After years of impressive growth, India’s RE sector, in particular solar, have stumbled on market and policy hurdles. Is this a temporary blip in India’s RE trajectory or has the sector taken a bearish turn on the back of these uncertainties? CarbonCopy asked Jai Asundi, executive director at the Bangalore-based Centre for Study of Science, Technology and Policy (C-STEP), to share his views on the prospects of India’s energy landscape, and which way he thinks the wind is blowing.
India has ambitious renewable energy targets, do you see this as the first step towards net-zero emission plans?
India needs to be careful when it comes to such decarbonisation commitments. We are country that is still largely energy starved and there is a lot that still needs to be done towards improving energy access and demand. If we can do this cleanly and with minimal emissions, it would be the best way forward for the country. Still, the energy sector does offer the clearest avenues for decarbonisation currently.
The manufacturing push, particularly in the solar sector, is likely to come with added costs for developers and end consumers. How do you see this affecting the wider solar energy space in terms of new investments and developments?
This is very difficult to answer. On the one hand is the sense that this will boost domestic manufacturing capacity – which is a very good thing. On the other hand, should we not be taking advantage of the prices available in the global market to meet our targets? This is notoriously difficult to resolve, especially on a macro-economic scale, and predict how these things will play out. In my opinion, it is a case of wanting the cake and eating it too. At some point, policy makers might have to just bite the bullet one way or the other and take it on, irrespective of the political price. I don’t know that there is an absolute right or wrong here. If we are to look at it from an energy-security angle, it is important for us to have domestic manufacturing and we will need to pay that premium for it.

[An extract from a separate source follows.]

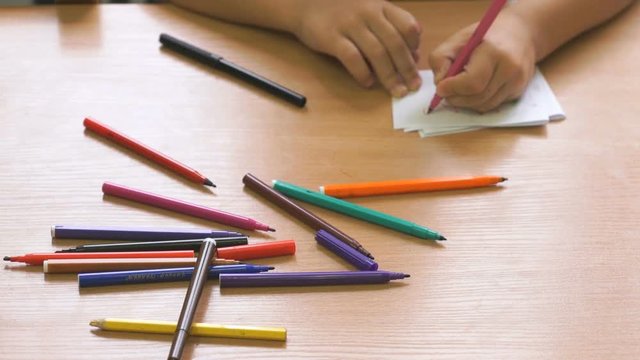 Little girl sitting at the desk draws the picture on the paper sheet using the multicolored felt pens. Close-up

The reason this gains some importance today is that the price shock that this brings implies not only a change of calculations for developers, but also DISCOMs who could once again be more inclined to procure thermal power. Especially since many have to pay fixed costs in accordance with long term PPAs, irrespective of procurement. Will this have implications on India’s RE targets and the viability of new capacity?
This might have been the case if demand was to remain stagnant. But energy demand is poised to grow. If new energy demand such as that from the electrification of transport or other sectors can be met with renewables, then it certainly would not affect growth prospects too much. While we can’t say for certain how this will play out, there are definitely promising trends in play when it comes to prices and adoption of solar energy.
How important is decentralisation to solve India’s energy woes? What stops us from harnessing this potential?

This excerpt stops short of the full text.